* [TASK DIRECTIONS] Below are records with pictures; copy word for word only the lines between the line with "Karangan Emel Contoh" and the line with "Traditional German Christmas", inclusive, and drop the pictures.

* [DATA SECTION]
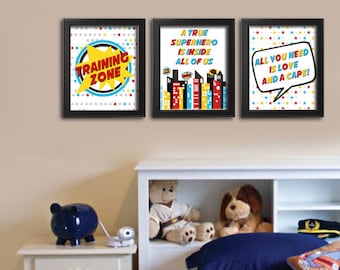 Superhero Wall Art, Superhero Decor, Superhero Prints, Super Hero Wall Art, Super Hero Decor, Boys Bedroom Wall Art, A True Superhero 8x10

---

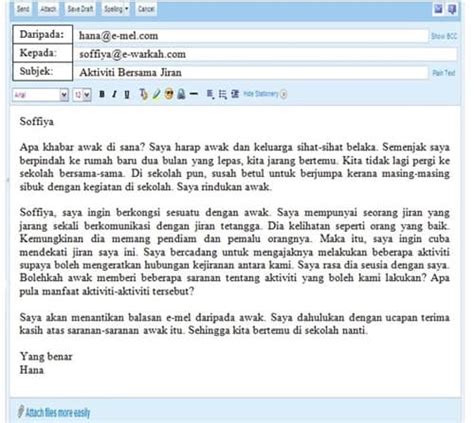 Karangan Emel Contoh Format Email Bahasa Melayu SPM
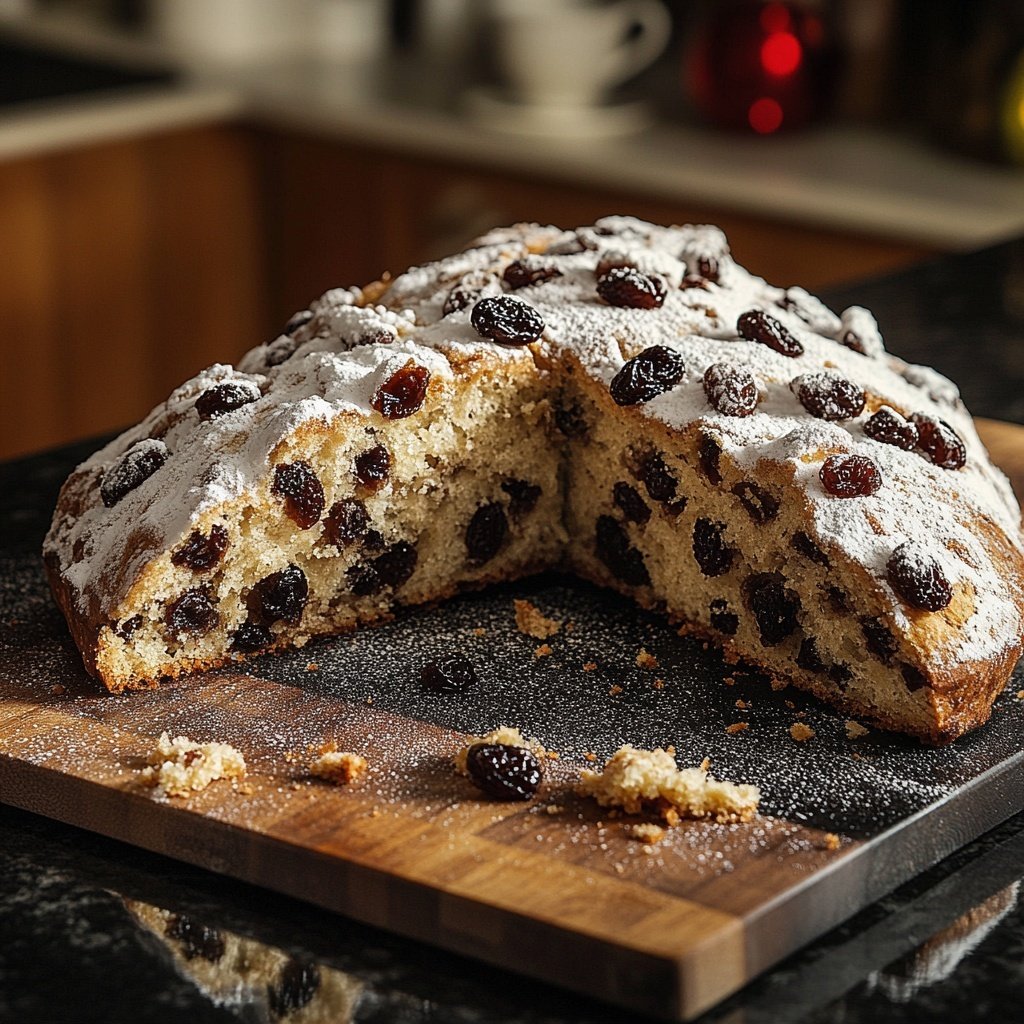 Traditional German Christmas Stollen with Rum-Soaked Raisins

---

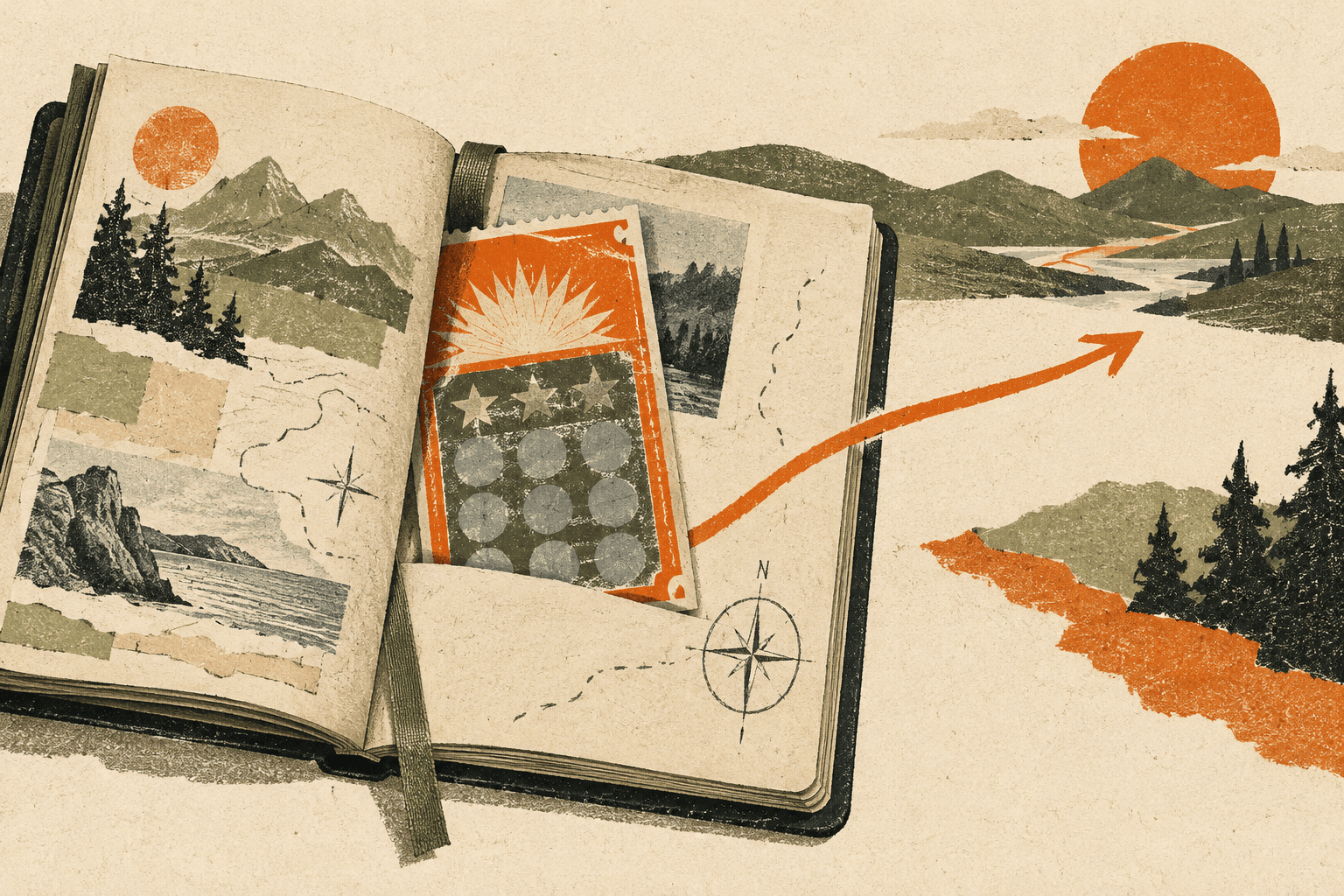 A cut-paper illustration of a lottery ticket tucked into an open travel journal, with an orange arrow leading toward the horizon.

* [REPLY]
 Karangan Emel Contoh Format Email Bahasa Melayu SPM
 Traditional German Christmas Stollen with Rum-Soaked Raisins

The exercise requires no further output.